PASIEKA Z PSZCZOŁAMI I WSPOMNIENIAMI!

Kinga Rodkiewicz: Ul z recyklingu brzmi co najmniej … niecodziennie. Co było najtrudniejszym etapem: projekt, dobór materiałów, a może samo wykonanie albo „testowanie” czy nadaje się on do zamieszkania przez pszczoły?

Tomasz Waśkiewicz: To prawda! Ul z recyklingu nie jest powszechny i może budzić słuszne zdziwienie. Gdy usłyszałem propozycję zaprojektowania i skonstruowania takiego ekologicznego ula, sam także byłem zaskoczony. Ale ja bardzo lubię wyzwania! W końcu mogłem połączyć swoje dwie pasje: grafikę i pszczelarstwo. Najtrudniejsze okazało się samo wykonanie: niewielki warsztat i brak odpowiednich narzędzi zdecydowanie utrudniał prace. Dziś, mogę już pochwalić się nieco bardziej profesjonalnym warsztatem z trzema stołami roboczymi oraz wieloma niezbędnymi narzędziami.

Tomasz Waśkiewicz w czasie pracy.
Ile czasu zajęło Panu stworzenie projektu ekologicznego ula? Czy któraś część sprawiała największą trudność?

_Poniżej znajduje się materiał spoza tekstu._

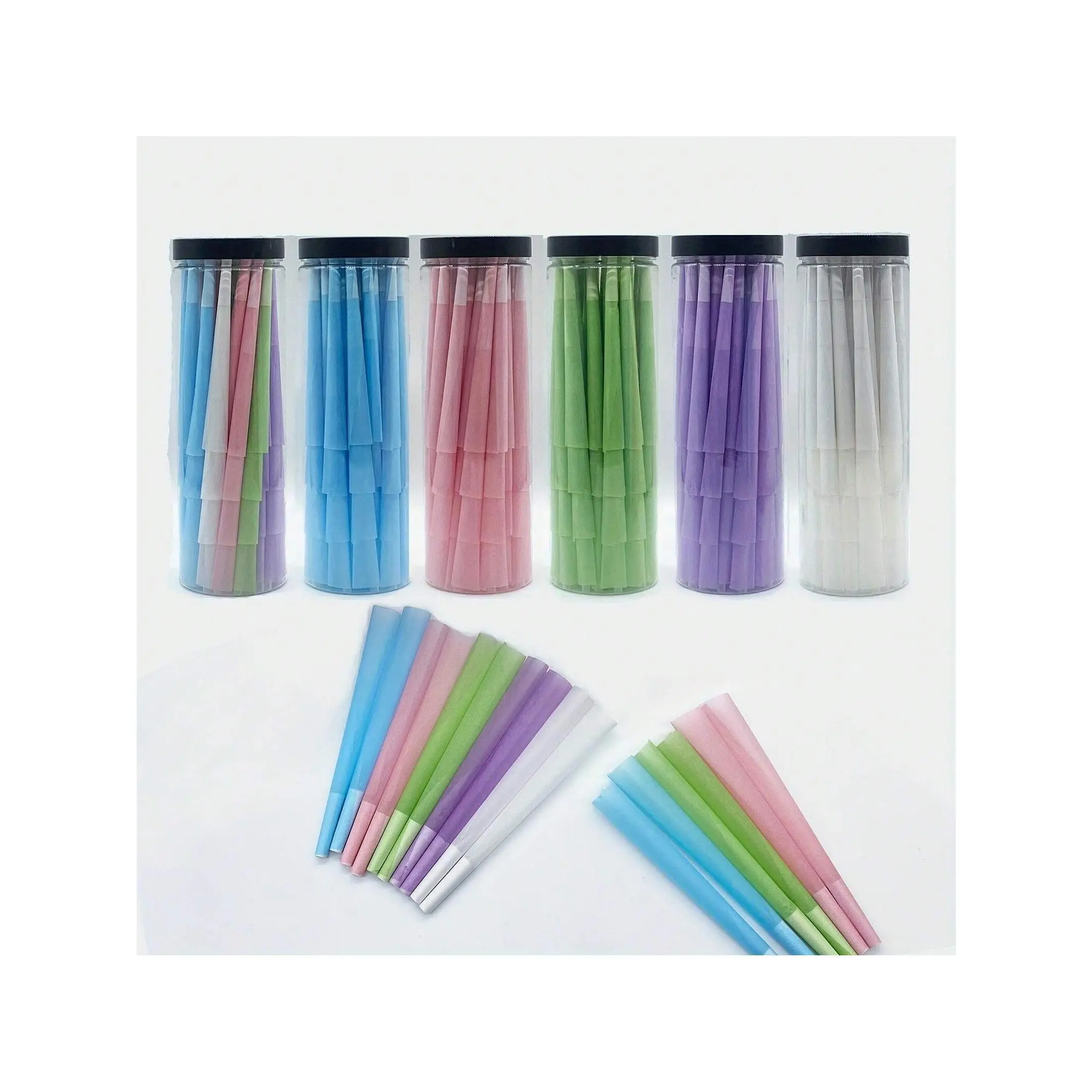 30/50/100 Pcs Pre-Rolled Cone Paper, With Tip, Unbleached Rolls, Slow Burning, Assorted Colors - Perfect For Bachelor Parties, Wooden Material, No Feathers, No Electricity Required - Party Supplies, Halloween Gifts, Christmas Gifts Boy Valentine Heart Wom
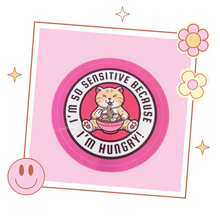 Load image into Gallery viewer, Stray Kids Changbin 'I'm so sensitive because I'm hungry!' sticker, gift for KPop fan, Stray Kids merch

Pracę nad projektem trwały prawie rok! Ale nie uważam go wcale za skończony. Cały czas udoskonalam te niezwyczajne domy dla pszczół. Podstawowym założeniem projektu było wykorzystanie w ich budowie elementów z recyklingu – nawet niewielkich. Moim priorytetem było jednak takie zaprojektowanie uli, by już na pierwszy rzut oka było widać wykorzystanie niestandardowych materiałów z odzysku. W czasie wizyty w zakładzie przetwarzania moją uwagę od razu przykuły bębny od pralek wykonane z ażurowego, błyszczącego i trwałego materiały, który – jak się okazało – jestem w stanie dowolnie obrabia. To one okazały się być najlepszym rozwiązaniem. Oczywiście w ulach z recyklingu nie mogło zabraknąć drewnianej konstrukcji, którą także starałem się wyeksponować.

Ekologiczne ule w śnieżnej odsłonie.
By zbudować ul potrzebna jest specjalistyczna wiedza, z kolei by skonstruować ul z recyklingu tej wiedzy trzeba jeszcze więcej. Skąd u Pana pomysł na zajęcie się pszczołami?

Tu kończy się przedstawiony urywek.